TASK DETAILS:
The entries are to be reproduced word for word, with all images left out.

____ SUPPLIED INFORMATION

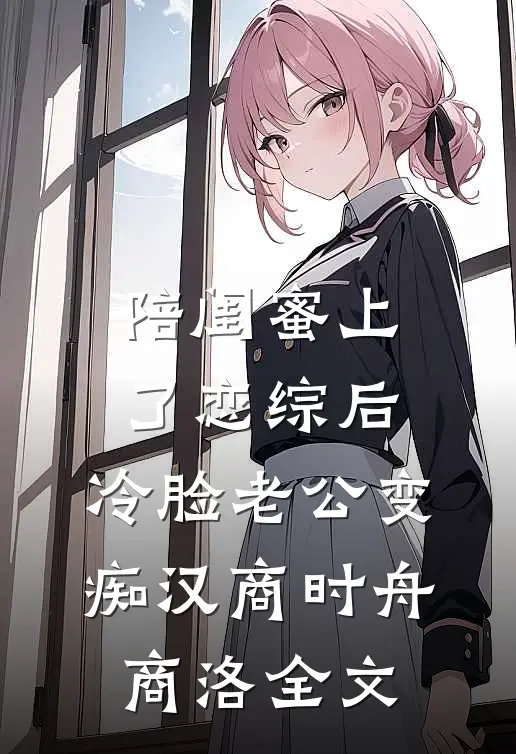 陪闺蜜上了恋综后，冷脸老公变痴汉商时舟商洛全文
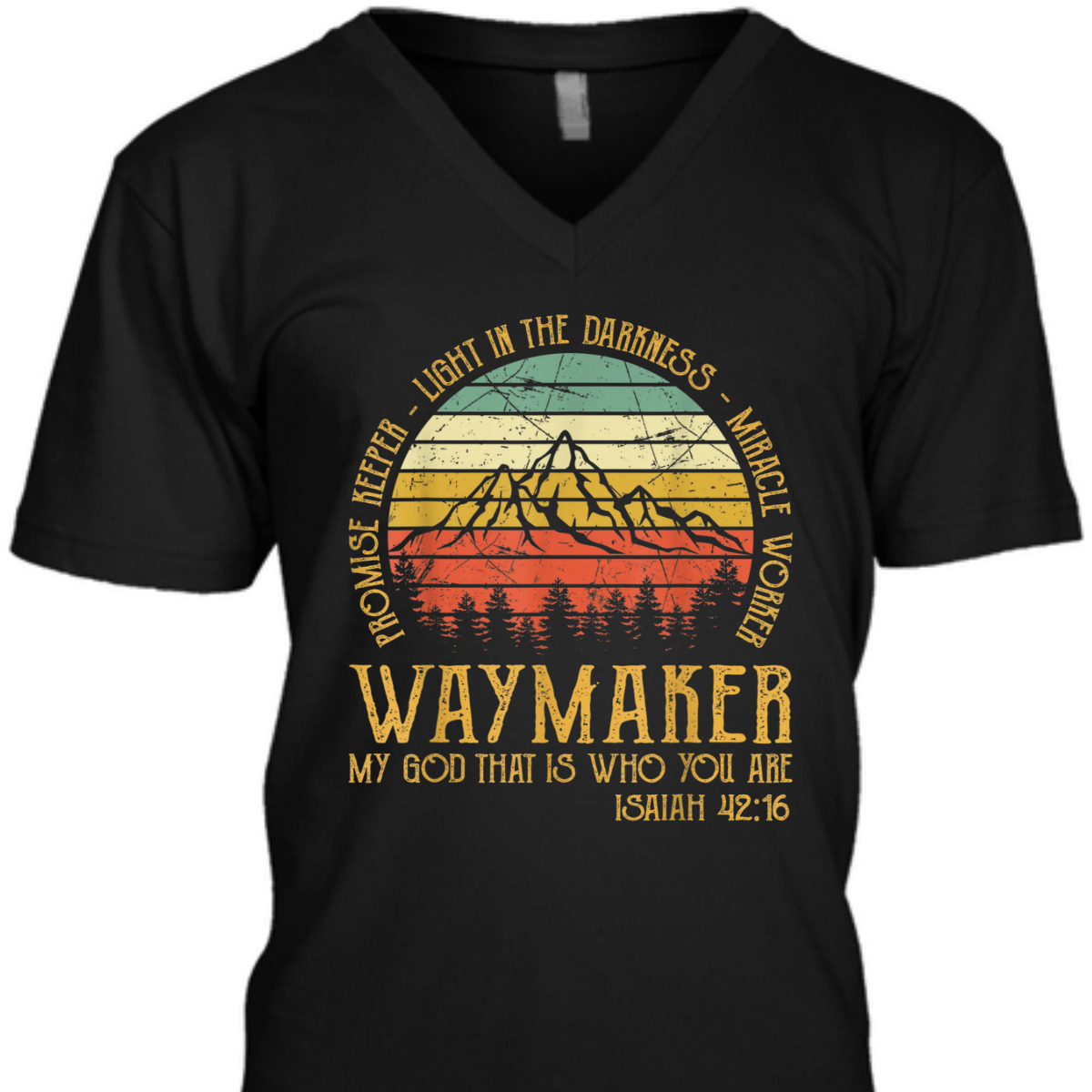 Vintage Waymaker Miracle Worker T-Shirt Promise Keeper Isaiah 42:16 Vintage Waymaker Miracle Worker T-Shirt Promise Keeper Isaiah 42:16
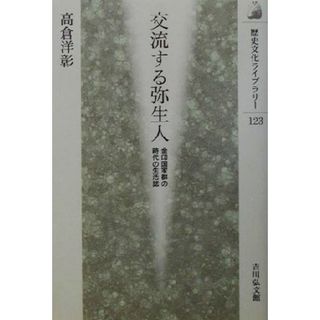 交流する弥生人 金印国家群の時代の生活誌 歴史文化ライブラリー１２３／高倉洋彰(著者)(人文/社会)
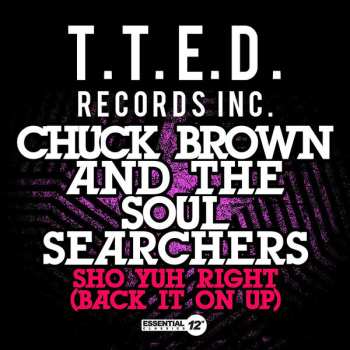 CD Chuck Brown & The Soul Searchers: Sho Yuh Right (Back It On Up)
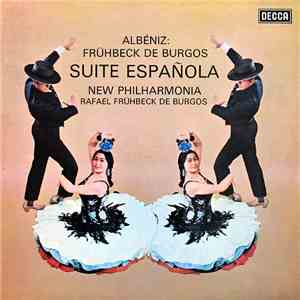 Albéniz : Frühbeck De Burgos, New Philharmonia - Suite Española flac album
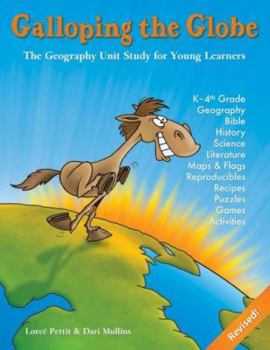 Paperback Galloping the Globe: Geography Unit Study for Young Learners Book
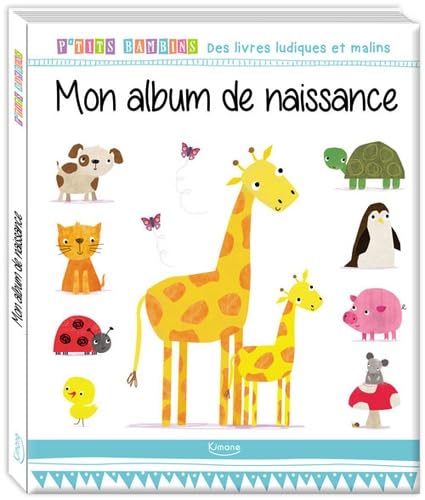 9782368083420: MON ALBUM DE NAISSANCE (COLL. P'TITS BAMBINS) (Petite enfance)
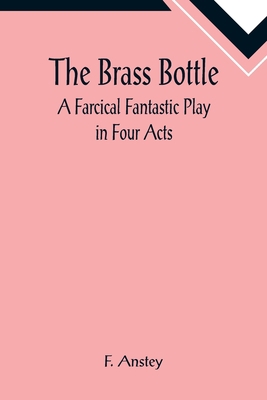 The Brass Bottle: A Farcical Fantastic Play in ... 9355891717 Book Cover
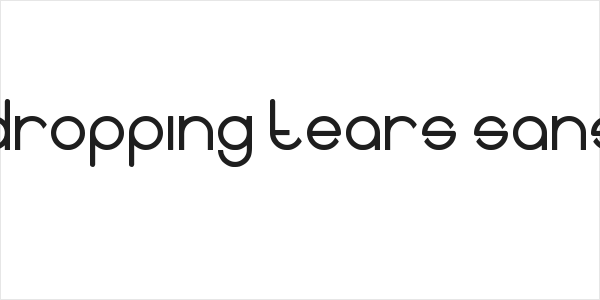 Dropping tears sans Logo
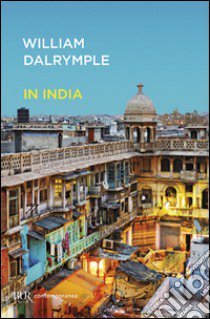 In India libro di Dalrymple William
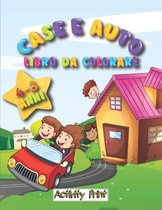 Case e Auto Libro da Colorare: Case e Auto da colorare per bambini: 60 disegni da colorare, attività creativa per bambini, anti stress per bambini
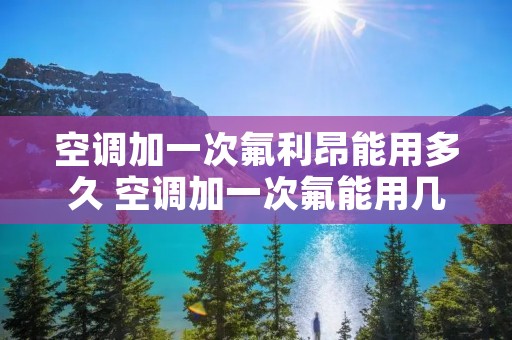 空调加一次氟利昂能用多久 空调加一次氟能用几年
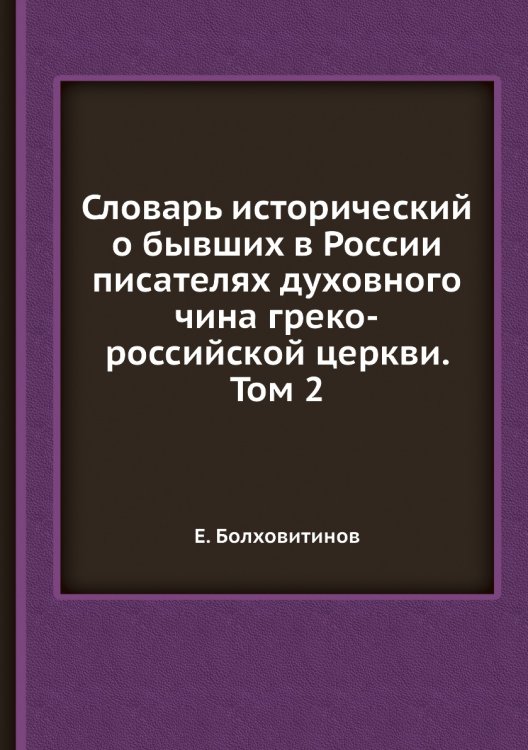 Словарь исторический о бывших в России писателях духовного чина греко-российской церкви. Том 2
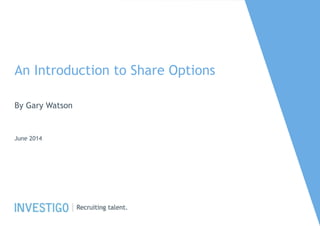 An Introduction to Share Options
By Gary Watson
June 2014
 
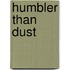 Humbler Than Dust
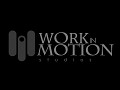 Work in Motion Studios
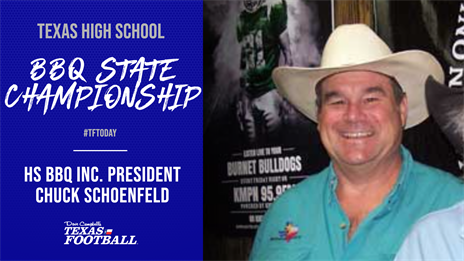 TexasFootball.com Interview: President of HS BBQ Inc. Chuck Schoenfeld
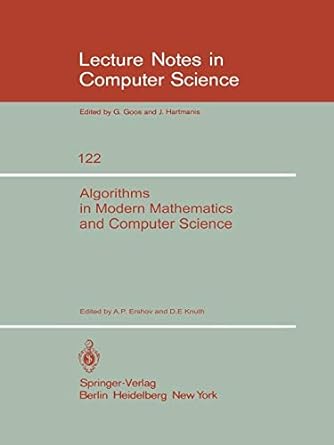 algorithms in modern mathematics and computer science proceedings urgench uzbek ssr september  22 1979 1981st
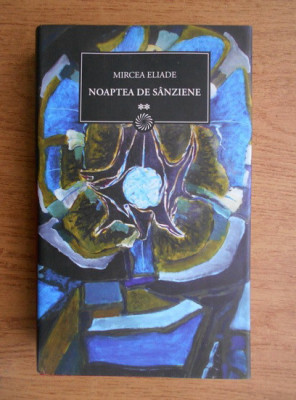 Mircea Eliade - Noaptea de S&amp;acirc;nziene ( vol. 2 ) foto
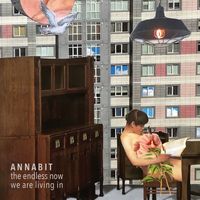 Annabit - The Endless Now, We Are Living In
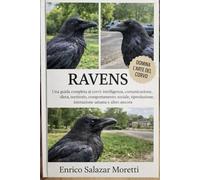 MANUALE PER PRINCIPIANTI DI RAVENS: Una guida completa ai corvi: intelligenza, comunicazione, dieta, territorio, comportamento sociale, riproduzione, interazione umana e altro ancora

________

RESPONSE TO THIS TASK:
 陪闺蜜上了恋综后，冷脸老公变痴汉商时舟商洛全文
 Vintage Waymaker Miracle Worker T-Shirt Promise Keeper Isaiah 42:16 Vintage Waymaker Miracle Worker T-Shirt Promise Keeper Isaiah 42:16
 交流する弥生人 金印国家群の時代の生活誌 歴史文化ライブラリー１２３／高倉洋彰(著者)(人文/社会)
 CD Chuck Brown & The Soul Searchers: Sho Yuh Right (Back It On Up)
 Albéniz : Frühbeck De Burgos, New Philharmonia - Suite Española flac album
 Paperback Galloping the Globe: Geography Unit Study for Young Learners Book
 9782368083420: MON ALBUM DE NAISSANCE (COLL. P'TITS BAMBINS) (Petite enfance)
 The Brass Bottle: A Farcical Fantastic Play in ... 9355891717 Book Cover
 Dropping tears sans Logo
 In India libro di Dalrymple William
 Case e Auto Libro da Colorare: Case e Auto da colorare per bambini: 60 disegni da colorare, attività creativa per bambini, anti stress per bambini
 空调加一次氟利昂能用多久 空调加一次氟能用几年
 Словарь исторический о бывших в России писателях духовного чина греко-российской церкви. Том 2
 An Introduction to Share Options
By Gary Watson
June 2014
 
 Humbler Than Dust
 Work in Motion Studios
 TexasFootball.com Interview: President of HS BBQ Inc. Chuck Schoenfeld
 algorithms in modern mathematics and computer science proceedings urgench uzbek ssr september  22 1979 1981st
 Mircea Eliade - Noaptea de S&amp;acirc;nziene ( vol. 2 ) foto
 Annabit - The Endless Now, We Are Living In
 MANUALE PER PRINCIPIANTI DI RAVENS: Una guida completa ai corvi: intelligenza, comunicazione, dieta, territorio, comportamento sociale, riproduzione, interazione umana e altro ancora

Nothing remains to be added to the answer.